What properties must a ring $R$ have so that for any $a, b \in R$, we have $$(a)(b)=(a) \cap (b)?$$
If $k$ is a field, then in $k[x_1, \dots, x_n]$ I believe we have $(g)(h)=(g) \cap (h)$:
We always have $(g)(h) \subset (g) \cap (h)$ and conversely, if $f \in (g) \cap (h)$, then we can write $f=ag \in (h)$, hence $f=abgh \in (gh)=(g)(h)$.
Is this correct?
On
The statement holds if and only if $R$ is von Neumann regular.
Indeed, suppose that $\forall a,b \in R\, (a)(b)=(a) \cap (b)$. Then, for any $a \in R$, $(a^2)=(a)(a)=(a) \cap (a)=(a)$, so $a \in (a^2)$, i.e. $\exists b \in R\, a=a^2b$. This means that $R$ is von Neumann regular.
Conversely, suppose that $R$ is von Neumann regular and $ac=bd \in (a) \cap (b)$ in $R$. Then, letting $e$ be the von Neumann inverse of $a$, one has that $ac=a^2ec=a^2ce=abde \in (a)(b)$. This means that $(a) \cap (b) \subseteq (a)(b)$, but it is also clear that $(a)(b) \subseteq (a) \cap (b)$, so $(a)(b)=(a) \cap (b)$.

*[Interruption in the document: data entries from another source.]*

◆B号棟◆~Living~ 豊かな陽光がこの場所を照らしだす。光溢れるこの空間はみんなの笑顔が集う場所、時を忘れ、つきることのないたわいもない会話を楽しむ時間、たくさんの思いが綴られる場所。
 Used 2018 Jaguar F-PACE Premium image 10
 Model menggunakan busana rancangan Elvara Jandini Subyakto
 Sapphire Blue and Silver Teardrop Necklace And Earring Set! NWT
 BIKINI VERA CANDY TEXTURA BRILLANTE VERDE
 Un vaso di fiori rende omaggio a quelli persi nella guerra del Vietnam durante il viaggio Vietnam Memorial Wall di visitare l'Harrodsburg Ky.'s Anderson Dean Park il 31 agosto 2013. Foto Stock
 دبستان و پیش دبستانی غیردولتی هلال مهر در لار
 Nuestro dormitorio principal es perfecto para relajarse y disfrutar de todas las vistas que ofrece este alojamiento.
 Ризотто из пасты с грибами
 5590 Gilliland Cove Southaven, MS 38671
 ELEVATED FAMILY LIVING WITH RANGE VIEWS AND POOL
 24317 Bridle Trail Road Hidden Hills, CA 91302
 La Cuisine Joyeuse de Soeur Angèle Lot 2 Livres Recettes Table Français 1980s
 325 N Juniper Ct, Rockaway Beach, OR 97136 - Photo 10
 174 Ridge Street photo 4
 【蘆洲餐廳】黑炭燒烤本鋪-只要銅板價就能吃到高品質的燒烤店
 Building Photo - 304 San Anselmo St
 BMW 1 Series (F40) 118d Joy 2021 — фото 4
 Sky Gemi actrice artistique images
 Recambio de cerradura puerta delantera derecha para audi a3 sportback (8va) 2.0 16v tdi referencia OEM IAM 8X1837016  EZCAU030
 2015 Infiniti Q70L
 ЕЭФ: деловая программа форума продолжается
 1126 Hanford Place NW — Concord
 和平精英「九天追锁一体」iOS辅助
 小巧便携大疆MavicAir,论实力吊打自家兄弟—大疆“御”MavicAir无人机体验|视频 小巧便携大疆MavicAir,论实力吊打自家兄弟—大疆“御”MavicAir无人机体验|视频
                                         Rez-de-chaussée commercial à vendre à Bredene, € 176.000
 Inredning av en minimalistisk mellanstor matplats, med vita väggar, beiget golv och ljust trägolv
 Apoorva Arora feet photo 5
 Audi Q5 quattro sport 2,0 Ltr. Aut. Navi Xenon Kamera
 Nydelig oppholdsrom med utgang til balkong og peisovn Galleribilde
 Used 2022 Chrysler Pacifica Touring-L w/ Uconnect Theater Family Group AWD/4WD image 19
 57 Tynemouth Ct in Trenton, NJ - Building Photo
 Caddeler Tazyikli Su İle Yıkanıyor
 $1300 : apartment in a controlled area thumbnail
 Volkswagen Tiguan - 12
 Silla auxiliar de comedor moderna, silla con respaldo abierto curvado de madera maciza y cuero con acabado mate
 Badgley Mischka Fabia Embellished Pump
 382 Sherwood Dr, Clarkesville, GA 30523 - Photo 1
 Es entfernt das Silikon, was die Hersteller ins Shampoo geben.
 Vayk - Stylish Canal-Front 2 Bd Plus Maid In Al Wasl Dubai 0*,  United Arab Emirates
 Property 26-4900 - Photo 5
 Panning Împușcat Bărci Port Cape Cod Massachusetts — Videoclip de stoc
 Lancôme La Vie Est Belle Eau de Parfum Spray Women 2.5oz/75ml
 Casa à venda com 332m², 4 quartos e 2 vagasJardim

This is not true in any integral domain that is not a field. Consider some $a\in R$ that is not a unit. Then $(a)^2\neq (a)\cap (a)$ because $a\notin (a)^2$. It's probably not true in general rings either, but the easy proof in integral domains relies on the cancellation property which is not present in general rings.
The problem with your proof is that even though $f=ag$ for some $a$, this does not imply that $f=abgh$. We only know that it is also the case that $f=bh$ for some $b$. There's no way to promote this to a multiple of $gh$ in general.
You commented: "If $f$ is a multiple of $g$ and $h$, then isn't it a multiple of $g\cdot h$?" This isn't even true for the integers. Take $g = 3$ and $h=6$. Then $f=6$ is a multiple of both $g$ and $h$ but not of $gh$.
To compile some comments, it would be true in a division ring (including fields), a ring with no proper nontrivial two-sided ideals, or any direct product of such rings.
In the currently only other answer it is stated that this is true if and only if $R$ is von Neumann regular. In fact the result is that the ring is strongly von Neumann regular, which means for any $a$ we have an $x$ such that $a=aax$. Ordinary von Neumann regular rings satisfy $a=axa$ for some $x$. It is clear that if the ring satisfies $(a)(b)=(a)\cap (b)$ for all $a,b$ then $R$ is strongly von Neumann regular. The opposite direction works for commutative rings, but it is unclear if it is valid for noncommutative rings.